Is it just my imagination, or are there fewer news articles on DSP these days?
At Critical Link, we’re – of course – quite partial to DSP. Many of our clients have deployed System on Modules that contain DSP. And way back in the day (about a decade back in the day), our original SoM, which we then called a customizable CPU platform, was the MityDSP. Since then, we’ve developed a wide range of SoMs, and the market focus has certainly shifted to ARM, but we still have a number of variations on the MityDSP in our product family (including embedded in some of our imaging systems). So I was happy to see good old DSP in the news.

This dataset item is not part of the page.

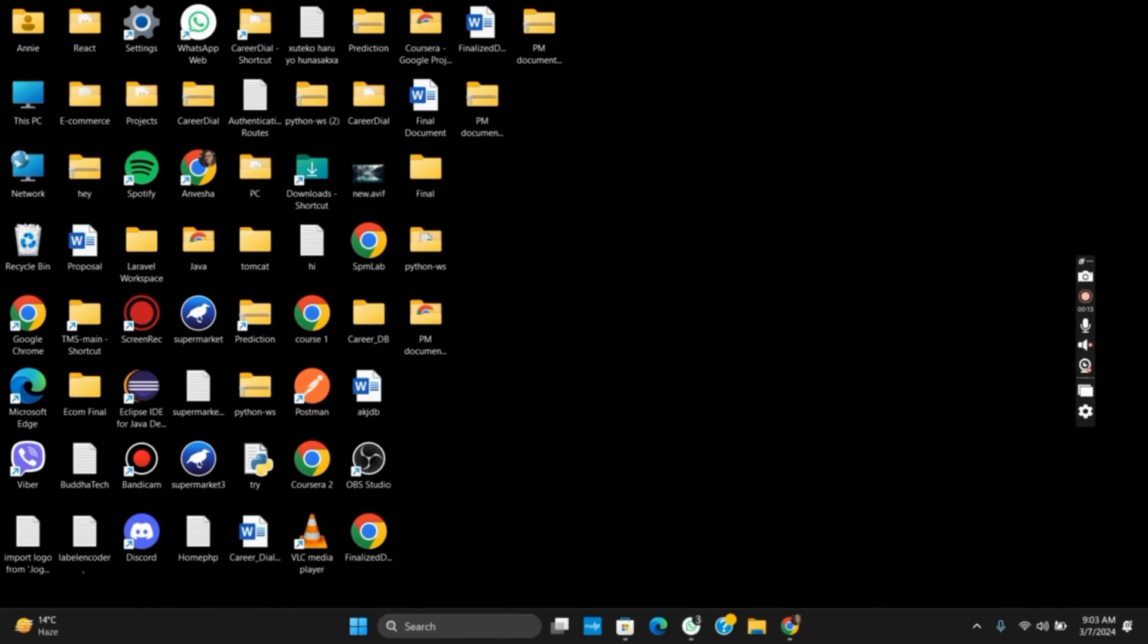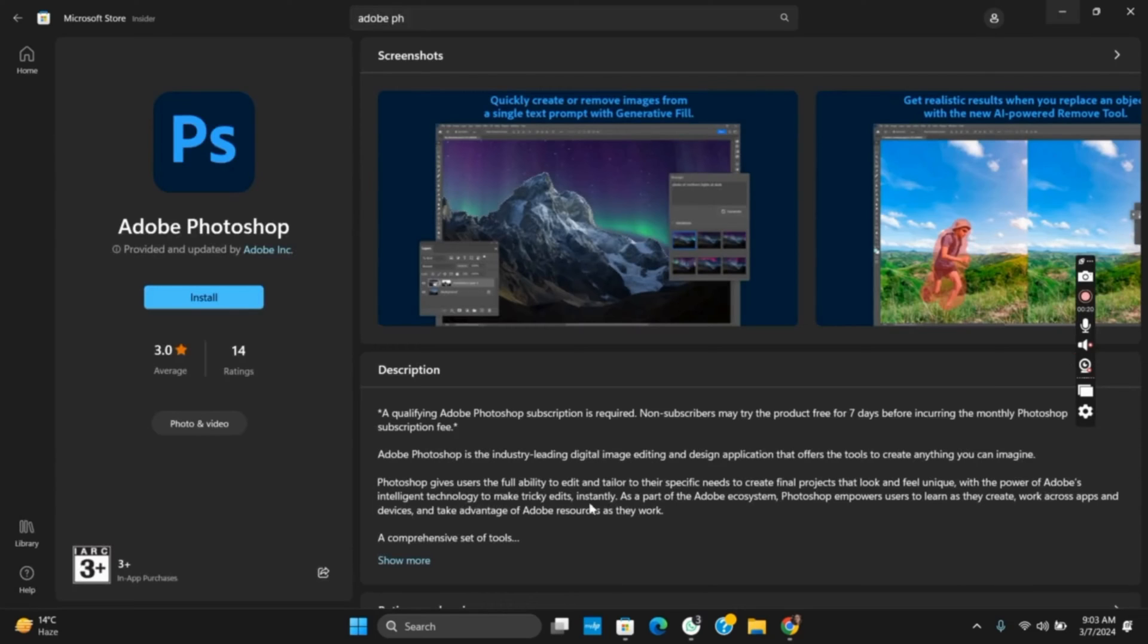First of all, you need to open your Microsoft Store and log into it. Once you have opened the Microsoft Store, you just have to search for Adobe Photoshop and open it.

The article I saw a few weeks back was on Cadence Design Systems, which is promoting its approach to neural networks.
“Cadence maintains that neural networks deployed in embedded systems that are built on programmable digital signal processor (DSP)-based SoCs offer advantages in power consumption, performance and time to market compared with networks built on CPUs or combinations of CPUs and GPUs.” (Source: embedded.com)
The reason? DSP-based neural technology – that would be Cadence’s Tensilica Vision, which is designed for vision/deep learning applications – doesn’t run as hot as a graphics processing unit.
“’Our value add is always going to be in the low-power, high-performance and highly energy efficient product,’ [Pulin] Desai [director of product marketing for Cadence’s Imaging/Vision said. ‘Most of the GPU type of products were developed to do classical 3D image processing and they were developed to do a lot of activities in floating point and to do multiple threads at the same time. At the end of the day they are not power efficient based on a lot of these reasons.’”
Even further back in the day I was exposed to the early days of Neural Networks during some of my course work for my Master’s Degree in Computer Science. Now, the technology may have changed drastically, as it has evolved since then. But at that time it was built upon a large set of massively parallel yet very simple processing engines (the neurons) that passed very small amounts of data (coefficients) from one neuron to a few of its neighbors. (Sounds like great work for an FPGA to me!)
Cadence’s DSP based architecture allows for highly parallel processing (note the VPUs with 256 MACs, the Scalar Processing Units and the additional optional VFPUs) with engines that can, perhaps, execute a much more intricate core neuron algorithm.
Anyway, I’m just happy to see something about DSP making headlines again. Seems like it’s been a while.